In one embodiment, the guide string (12) may be sealed at its lower end (30). The sealing of the guide string (12) prevents the entry of formation fluid and debris into the guide string (12) from the wellbore (42) when the coiled tubing is not required.

Coiled tubing is typically inserted into a completed oil wellbore for various operations including, but not limited to, chemical injection, servicing, and transport of bottom hole assemblies. In one embodiment, a jet nozzle (not shown) is attached to the coiled tubing in a conventional manner.

At least one seal (14a, 14b) is disposed around the tubing string (10), The seal (14a, 14b) is sized so as to seal the tubing string (10) against the well casing (32). Suitable seals (14a, 14b) as are known in the art may be used. The seals (14a, 14b) may be formed of, for example, synthetic rubbers, thermoplastic materials, perfluoroelastomer materials, or other suitable substances known to those skilled in the art, Appropriate seals (14a, 14b) are sufficiently resilient for providing a good seal and sufficiently rigid for providing a relatively long life therefore.
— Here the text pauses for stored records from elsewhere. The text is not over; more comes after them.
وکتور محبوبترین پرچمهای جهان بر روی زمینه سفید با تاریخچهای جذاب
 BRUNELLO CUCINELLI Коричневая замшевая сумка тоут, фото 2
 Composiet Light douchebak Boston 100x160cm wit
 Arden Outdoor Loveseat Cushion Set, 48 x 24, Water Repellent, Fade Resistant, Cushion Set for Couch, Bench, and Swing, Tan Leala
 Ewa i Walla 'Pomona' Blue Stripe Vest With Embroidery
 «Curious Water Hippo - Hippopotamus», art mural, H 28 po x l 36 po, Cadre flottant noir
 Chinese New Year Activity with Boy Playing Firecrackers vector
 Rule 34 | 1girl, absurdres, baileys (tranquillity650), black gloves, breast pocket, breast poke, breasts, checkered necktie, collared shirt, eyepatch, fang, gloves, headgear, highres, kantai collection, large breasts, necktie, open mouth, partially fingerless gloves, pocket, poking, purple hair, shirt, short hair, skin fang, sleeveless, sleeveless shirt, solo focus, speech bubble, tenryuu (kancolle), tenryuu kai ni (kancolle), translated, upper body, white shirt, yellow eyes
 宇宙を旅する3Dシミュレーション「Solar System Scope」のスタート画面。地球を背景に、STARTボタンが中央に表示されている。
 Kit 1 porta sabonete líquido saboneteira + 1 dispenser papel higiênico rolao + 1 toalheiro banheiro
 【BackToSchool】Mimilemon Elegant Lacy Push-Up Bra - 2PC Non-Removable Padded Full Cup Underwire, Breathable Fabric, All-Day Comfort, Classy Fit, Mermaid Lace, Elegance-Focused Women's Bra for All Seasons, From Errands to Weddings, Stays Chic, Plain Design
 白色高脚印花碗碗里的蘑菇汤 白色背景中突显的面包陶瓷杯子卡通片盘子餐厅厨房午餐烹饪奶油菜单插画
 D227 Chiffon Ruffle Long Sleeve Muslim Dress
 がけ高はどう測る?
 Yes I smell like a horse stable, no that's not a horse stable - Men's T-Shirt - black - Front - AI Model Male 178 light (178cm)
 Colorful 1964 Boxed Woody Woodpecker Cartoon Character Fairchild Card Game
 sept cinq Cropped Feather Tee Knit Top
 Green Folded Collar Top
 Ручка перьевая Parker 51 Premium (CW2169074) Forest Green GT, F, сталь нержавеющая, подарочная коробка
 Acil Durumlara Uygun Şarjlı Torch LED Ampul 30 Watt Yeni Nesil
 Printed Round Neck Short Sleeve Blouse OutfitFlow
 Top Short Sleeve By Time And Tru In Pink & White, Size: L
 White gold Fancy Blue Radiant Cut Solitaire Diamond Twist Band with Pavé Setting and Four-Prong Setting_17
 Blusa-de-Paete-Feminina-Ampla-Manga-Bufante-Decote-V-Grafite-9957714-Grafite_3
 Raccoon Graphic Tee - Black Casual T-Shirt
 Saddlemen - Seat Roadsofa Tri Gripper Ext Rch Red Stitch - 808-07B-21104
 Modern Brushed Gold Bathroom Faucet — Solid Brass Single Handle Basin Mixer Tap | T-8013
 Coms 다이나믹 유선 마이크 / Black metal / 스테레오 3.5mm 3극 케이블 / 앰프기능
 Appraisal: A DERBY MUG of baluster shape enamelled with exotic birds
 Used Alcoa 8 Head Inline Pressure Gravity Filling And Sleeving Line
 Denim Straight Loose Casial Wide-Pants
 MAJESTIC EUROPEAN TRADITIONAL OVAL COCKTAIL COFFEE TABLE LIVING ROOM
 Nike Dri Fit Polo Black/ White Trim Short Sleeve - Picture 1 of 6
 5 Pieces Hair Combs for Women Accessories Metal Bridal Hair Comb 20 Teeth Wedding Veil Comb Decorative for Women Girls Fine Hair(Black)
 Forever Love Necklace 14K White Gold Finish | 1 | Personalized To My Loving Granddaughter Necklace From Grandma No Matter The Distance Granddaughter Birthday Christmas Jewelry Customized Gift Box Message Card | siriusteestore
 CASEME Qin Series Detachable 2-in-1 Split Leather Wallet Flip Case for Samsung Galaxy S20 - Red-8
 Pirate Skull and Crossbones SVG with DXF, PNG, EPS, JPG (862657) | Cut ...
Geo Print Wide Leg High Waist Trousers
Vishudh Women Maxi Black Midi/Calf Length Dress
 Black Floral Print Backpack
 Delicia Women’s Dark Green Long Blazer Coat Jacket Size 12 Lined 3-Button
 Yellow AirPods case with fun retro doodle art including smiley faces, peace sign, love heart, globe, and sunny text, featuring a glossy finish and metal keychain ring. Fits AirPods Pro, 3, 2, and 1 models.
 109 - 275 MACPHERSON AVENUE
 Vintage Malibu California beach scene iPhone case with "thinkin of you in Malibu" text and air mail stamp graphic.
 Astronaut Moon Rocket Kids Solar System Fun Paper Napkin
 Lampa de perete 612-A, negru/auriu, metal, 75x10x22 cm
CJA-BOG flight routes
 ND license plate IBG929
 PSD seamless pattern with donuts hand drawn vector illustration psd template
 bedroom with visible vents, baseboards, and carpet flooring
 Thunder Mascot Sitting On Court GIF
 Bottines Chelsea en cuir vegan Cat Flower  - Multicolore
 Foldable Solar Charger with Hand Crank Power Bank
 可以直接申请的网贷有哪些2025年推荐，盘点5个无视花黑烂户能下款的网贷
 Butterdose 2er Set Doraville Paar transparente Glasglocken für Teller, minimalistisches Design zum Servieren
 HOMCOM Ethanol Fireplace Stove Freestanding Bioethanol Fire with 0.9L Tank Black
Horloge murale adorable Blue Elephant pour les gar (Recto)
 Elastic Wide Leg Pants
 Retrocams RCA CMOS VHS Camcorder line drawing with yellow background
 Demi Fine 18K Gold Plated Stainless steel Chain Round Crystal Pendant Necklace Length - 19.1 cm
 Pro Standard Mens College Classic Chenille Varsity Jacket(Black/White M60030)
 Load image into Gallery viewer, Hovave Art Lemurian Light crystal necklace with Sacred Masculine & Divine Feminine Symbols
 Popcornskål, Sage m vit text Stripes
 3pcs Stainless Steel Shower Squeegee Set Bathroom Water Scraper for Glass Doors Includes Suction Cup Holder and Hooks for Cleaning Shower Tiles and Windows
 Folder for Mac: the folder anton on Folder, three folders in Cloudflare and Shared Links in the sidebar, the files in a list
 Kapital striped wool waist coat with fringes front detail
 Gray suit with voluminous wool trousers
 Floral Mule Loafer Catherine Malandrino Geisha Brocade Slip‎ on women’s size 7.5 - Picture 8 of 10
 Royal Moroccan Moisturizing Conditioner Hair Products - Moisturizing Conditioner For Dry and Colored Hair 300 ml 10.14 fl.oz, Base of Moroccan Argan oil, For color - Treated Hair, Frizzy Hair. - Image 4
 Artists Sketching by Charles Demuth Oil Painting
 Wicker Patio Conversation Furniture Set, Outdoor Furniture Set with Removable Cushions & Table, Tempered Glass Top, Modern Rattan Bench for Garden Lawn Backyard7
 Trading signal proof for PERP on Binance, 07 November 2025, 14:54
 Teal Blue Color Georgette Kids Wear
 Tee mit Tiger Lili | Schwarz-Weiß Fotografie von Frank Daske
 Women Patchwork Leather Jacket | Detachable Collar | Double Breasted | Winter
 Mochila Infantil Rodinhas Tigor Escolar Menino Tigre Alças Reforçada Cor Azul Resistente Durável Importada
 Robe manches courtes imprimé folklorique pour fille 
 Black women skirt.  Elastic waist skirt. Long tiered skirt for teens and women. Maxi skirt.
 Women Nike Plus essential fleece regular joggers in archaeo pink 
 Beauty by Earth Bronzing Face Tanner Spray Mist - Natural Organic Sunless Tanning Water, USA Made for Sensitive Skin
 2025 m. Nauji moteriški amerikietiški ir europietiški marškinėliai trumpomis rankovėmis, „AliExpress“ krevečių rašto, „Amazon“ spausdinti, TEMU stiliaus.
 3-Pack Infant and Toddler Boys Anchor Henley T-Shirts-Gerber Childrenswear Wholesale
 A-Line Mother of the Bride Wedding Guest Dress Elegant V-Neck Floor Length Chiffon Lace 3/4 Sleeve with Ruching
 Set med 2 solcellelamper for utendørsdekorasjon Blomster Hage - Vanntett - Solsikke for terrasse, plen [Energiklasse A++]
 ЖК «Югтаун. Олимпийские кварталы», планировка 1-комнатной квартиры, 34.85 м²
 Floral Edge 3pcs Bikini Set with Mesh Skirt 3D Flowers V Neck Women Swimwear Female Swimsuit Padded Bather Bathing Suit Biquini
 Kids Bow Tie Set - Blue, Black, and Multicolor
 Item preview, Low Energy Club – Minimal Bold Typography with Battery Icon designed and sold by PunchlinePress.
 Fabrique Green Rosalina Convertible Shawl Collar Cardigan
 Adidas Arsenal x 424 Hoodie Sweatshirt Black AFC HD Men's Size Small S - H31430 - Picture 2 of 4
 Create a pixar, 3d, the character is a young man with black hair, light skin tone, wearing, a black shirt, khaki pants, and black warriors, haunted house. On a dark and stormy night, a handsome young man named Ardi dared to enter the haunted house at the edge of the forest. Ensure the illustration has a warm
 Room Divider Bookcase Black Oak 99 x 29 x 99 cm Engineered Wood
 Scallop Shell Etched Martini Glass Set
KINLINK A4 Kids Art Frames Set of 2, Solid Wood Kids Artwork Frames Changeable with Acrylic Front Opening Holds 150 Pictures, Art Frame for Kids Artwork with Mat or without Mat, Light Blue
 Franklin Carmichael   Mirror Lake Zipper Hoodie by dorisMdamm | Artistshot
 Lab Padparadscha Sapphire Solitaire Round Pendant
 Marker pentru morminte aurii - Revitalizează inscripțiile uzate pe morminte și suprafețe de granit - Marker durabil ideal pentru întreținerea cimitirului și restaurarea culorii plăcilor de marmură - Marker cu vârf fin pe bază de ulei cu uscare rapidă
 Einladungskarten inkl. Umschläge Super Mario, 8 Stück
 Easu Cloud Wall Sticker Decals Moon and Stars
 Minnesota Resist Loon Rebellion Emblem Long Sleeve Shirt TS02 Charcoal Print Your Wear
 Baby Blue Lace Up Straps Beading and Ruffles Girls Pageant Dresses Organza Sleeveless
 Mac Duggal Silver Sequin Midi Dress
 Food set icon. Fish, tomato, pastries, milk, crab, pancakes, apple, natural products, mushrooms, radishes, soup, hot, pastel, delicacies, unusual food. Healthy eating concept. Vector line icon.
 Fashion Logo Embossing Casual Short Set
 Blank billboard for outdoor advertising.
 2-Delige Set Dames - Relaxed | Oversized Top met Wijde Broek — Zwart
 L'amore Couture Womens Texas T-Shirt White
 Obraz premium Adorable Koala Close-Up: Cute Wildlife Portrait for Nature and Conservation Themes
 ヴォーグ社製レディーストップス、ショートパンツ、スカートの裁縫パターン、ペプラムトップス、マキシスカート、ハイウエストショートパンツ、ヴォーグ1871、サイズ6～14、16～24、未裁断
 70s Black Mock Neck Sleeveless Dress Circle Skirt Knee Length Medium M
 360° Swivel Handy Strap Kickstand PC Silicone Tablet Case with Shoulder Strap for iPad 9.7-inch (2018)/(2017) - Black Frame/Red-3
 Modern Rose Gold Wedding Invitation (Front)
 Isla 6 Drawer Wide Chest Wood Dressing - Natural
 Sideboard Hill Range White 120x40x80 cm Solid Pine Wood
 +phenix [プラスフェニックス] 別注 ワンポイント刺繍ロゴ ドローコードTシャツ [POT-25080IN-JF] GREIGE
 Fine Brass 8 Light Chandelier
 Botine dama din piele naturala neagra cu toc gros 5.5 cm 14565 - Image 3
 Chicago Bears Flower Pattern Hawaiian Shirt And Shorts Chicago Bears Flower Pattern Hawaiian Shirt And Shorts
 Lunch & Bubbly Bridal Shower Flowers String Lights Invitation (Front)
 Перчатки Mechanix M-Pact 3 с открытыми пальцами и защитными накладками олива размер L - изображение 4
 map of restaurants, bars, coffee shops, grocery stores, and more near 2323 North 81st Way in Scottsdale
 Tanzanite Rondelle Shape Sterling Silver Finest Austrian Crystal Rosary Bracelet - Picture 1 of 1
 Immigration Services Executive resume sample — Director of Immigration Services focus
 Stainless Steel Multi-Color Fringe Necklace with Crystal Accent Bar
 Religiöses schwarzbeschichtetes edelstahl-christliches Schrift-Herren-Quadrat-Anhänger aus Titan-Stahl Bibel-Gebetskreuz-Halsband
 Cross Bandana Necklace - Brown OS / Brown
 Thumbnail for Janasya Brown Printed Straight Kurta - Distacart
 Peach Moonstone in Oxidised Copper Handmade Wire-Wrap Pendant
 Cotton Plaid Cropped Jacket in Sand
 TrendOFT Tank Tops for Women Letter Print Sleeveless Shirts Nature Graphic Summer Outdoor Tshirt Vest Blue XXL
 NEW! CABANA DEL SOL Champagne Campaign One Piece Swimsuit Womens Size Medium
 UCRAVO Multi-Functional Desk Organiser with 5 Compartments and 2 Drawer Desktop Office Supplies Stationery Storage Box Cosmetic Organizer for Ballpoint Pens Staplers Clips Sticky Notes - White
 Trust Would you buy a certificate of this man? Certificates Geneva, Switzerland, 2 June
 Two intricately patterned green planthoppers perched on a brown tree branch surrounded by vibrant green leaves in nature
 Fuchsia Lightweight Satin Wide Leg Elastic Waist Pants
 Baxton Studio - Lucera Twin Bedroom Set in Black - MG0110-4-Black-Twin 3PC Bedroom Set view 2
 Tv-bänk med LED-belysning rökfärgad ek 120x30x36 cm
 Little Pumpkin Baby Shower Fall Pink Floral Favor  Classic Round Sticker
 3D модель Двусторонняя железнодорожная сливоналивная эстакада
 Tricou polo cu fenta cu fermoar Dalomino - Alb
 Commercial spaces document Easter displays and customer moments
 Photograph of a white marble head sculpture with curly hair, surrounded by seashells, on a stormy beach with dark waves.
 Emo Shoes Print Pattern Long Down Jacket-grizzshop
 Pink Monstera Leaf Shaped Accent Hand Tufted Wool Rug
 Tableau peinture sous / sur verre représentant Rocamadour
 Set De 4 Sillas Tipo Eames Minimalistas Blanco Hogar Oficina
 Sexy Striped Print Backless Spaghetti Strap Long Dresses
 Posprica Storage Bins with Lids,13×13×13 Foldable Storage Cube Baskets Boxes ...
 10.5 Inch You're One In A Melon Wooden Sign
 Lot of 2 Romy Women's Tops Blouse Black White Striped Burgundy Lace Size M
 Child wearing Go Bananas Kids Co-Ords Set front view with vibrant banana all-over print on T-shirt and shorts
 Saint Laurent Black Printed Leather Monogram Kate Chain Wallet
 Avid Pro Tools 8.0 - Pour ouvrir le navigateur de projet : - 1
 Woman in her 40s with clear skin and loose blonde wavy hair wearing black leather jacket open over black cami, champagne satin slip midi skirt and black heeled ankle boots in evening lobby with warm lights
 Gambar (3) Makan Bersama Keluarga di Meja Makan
The dimensions of the seals (14a, 14b) are not essential to the invention and are dictated by the sizes of the tubing string (10) and well casing (32).

In one embodiment, the seal comprises an upper ring-shaped V cup (14a) and a lower ring-shaped V cup (14b). Each V cup (14a, 14b) has an interior diameter substantially equal to the outside diameter of the tubing string (10). The outer diameter of the V cup (14a, 14b) is substantially equal to the diameter of the well casing (32). Each V cup (14a, 14b) is a resiliently flexible disk shaped body having a central hole, The diameter of the central hole is substantially equal to the outer diameter of the tubing string (10) such that the V cup (14a, 14b) is placed around the tubing string (10) in a collar-like manner, The walls of the V cup (14a, 14b) extend radially from the central hole at an angle below the horizontal plane of the central hole such that the outer edge of the V cup (14a, 14b) terminates at a position below the plane of the central hole. The upper V cup (14a) and lower V cup (14b) are oriented in a stacked relationship. The upper V cup (14a) is orientated so that the cup walls extend radially upwardly towards the surface. The lower V cup (14b) is orientated so that the cup walls extend radially downwardly towards the downhole.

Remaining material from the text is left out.